Очевидно, и с течением времени Павел не мог хладнокровно вспоминать о том, что случилось, хотя то было и давно. Есть историки, которые утверждают, что после этого столкновения Павел и Петр окончательно разошлись друг с другом и даже не встречались. Положим, это — уже крайность; но важно то, что крайность эту возможно допускать: значит, для иного исследователя жизни апостолов данный случай представляется ссорой Павла с Петром в буквальном смысле слова. К сожалению, в устранение этой крайности нельзя опираться, как это иногда делают, на факт совместной и одновременной мученической кончины этих апостолов, ибо отнюдь нельзя доказать, что Павел и Петр впоследствии одновременно жили в Риме и там скончались в один и тот же год и даже в один и тот же день.
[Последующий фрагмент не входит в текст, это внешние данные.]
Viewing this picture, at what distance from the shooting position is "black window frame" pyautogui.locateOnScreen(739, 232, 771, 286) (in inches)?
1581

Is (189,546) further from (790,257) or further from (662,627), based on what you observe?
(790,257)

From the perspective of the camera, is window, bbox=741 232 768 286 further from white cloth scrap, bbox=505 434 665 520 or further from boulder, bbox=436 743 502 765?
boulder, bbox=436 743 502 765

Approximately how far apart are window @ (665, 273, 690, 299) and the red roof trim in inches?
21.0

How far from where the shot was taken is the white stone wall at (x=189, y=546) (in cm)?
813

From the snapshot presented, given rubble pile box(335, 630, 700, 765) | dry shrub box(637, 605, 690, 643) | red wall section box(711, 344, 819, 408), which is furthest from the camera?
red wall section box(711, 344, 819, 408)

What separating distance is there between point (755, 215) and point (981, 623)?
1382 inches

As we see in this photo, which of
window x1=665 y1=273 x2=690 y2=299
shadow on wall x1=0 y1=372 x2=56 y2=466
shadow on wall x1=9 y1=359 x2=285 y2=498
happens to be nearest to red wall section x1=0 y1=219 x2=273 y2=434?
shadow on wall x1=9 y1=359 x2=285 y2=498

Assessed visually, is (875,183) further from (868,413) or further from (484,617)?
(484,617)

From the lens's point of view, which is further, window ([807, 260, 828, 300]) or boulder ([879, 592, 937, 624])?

Предание о пребывании Петра в Риме принадлежит, при существующих исторических данных, к темнейшим вопросам апостольского века.[7]
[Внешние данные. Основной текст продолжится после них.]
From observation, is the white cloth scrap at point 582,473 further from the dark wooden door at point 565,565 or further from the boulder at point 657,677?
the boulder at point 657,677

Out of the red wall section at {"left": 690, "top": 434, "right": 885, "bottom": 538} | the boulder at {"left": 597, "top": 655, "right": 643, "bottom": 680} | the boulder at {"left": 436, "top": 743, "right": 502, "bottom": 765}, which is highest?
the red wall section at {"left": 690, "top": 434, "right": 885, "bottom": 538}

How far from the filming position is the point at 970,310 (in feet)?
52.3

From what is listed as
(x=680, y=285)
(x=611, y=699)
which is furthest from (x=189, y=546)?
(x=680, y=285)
Итак, мы видим, что будет преувеличением, подобно графу Толстому, утверждать, что первенствующие христиане тем будто бы отличались от христиан других веков, что совсем «не сердились друг на друга». В первенствующих христианских обществах, без сомнения, было много привлекательного и поучительного для последующих поколений, но там не было того, чего быть не могло по самой природе вещей. Апостол Павел в Послании к Римлянам говорит: «Если возможно, со своей стороны, будьте в мире со всеми людьми»; он говорит: «Если возможно» — и этим самым дает знать, что бывают случаи, когда это невозможно и когда по необходимости в сердце человека имеют место чувства не мирного свойства. Затем апостол прибавляет: «Не мстите за себя, возлюбленные», т. е., другими словами, не выражайте активно свое оскорбленное чувство, «но дайте место гневу» (12:19), т. е. удовольствуйтесь тем, что отмщаете и наказываете врага в своей душе, исключая его из числа своих друзей.[8]

Но пойдем далее за графом Толстым и посмотрим, какие еще допускает он преувеличения в изображении первенствующего христианства, с целью найти потом глубокое несоответствие между христианством первых времен и христианством времен позднейших и тем укорить Церковь этих последних времен. Он возвещает: «жизнь» первенствующих христиан «была так хороша, что» и т.д. Конечно, согласимся мы, жизнь их была хороша; но было бы заблуждением воображать, что она не имела теней и чужда была пятен. Один очень авторитетный русский историк Церкви замечает, что жизнь христиан даже апостольских времен не лишена была «недостатков и пороков», о которых, по его рассуждению, умалчивать нельзя.[9] Да и в самом деле, как можно умолчать об этом, когда о несовершенствах рассматриваемого века, хотя они и не так значительны по размерам, говорят послания самих апостолов, и определеннее и откровеннее других — Павел. В Послании к Коринфянам, например, он требует: «Отрезвитесь, как дóлжно, и не грешите, ибо к стыду вашему скажу, некоторые из вас не знают Бога» (1 Кор.15:34), т.е. забывают Бога, хочет сказать апостол. Не имея надобности подробно анализировать эти слова его, скажем одно: грешники во времена Павла встречались. «Не грешите» — недаром предостерегает он.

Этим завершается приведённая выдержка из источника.